The army was sent to Manipur in 1980, but with a far smaller presence than in Kashmir it imposes only a semblance of control, with much of the jungle hinterland beyond the fertile Imphal Valley under rebel control.

And even around the capital, the rebels hold sway, blowing up a bus just 24km south of Imphal on 14 August, killing six civilians. The rebels subsequently said this was an accident – they had meant to target security forces.

Heroin trail 

The former kingdom of Manipur traces its history back for 2000 years, at one time covering parts of present day Myanmar.
 
After becoming a princely state under the tutelage of India’s former British colonial rulers in 1891, it joined India in 1949. Manipuris complain their maharajah was forced to sign a merger agreement while under house arrest.

Resentment, combined with high unemployment, poverty and corruption, drove many youths into the rebel groups – starting with the United National Liberation Front. It was formed in 1964 to fight for an independent Manipur, and was soon joined by others.

The rebel groups take refuge either in the jungles of Manipur itself or in neighbouring Myanmar, with which the state has an open border stretching for some 350km.
 

Christian Nagas want to secede from mainly Hindu Manipur
Christian Nagas want to secede from mainly Hindu Manipur

Christian Nagas want to secede
from mainly Hindu Manipur

Alongside the separatist revolt is the drugs trade. Much of the heroin produced in Myanmar, Laos and Thailand passes through here on its way to India and abroad, leaving behind a trail of heroin addiction and high incidence of AIDS.
 
The government accuses the rebel groups of profiting from heroin trafficking; others blame corrupt government officials and security forces; yet others blame criminal gangs.

Seeds of strife

On top of all that, the state contains the seeds of civil war between the Nagas – who live both in the bordering state of Nagaland and the hill districts of Manipur – and the dominant Meitei community.

The Nagas, many of whom have converted to Christianity, have long resented the Hindu Meiteis who dominate Manipur and want their land there incorporated into a greater Nagaland.

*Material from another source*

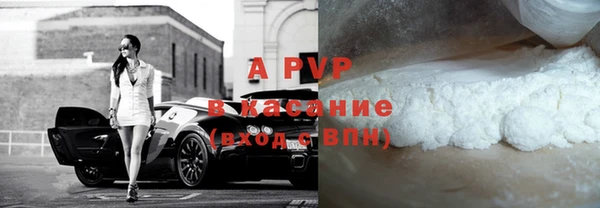 трава Володарск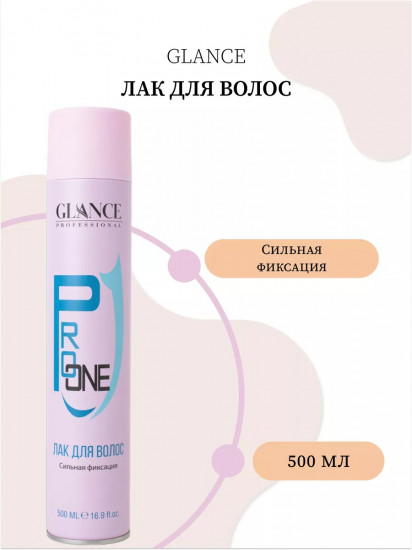 Лак для волос «Сильная фиксация»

“The biggest fear in the minds of the people of Manipur is the Balkanisation of Manipur,” says Yamben Laba, from the Manipur State Human Rights Commission.

The Nagas and Meiteis are joined by other smaller, tribal groups also fighting for their own land and rights.

But for the people caught in the crossfire, it has become a conflict without end.

“Bomb explosions, encounters and harassment by security forces. All these have become part of our lives,” says 36-year-old taxi driver Mani Hari Singh.
 
“Manipur is stagnating. Our children have no future,” adds shopkeeper Sukumar Bose.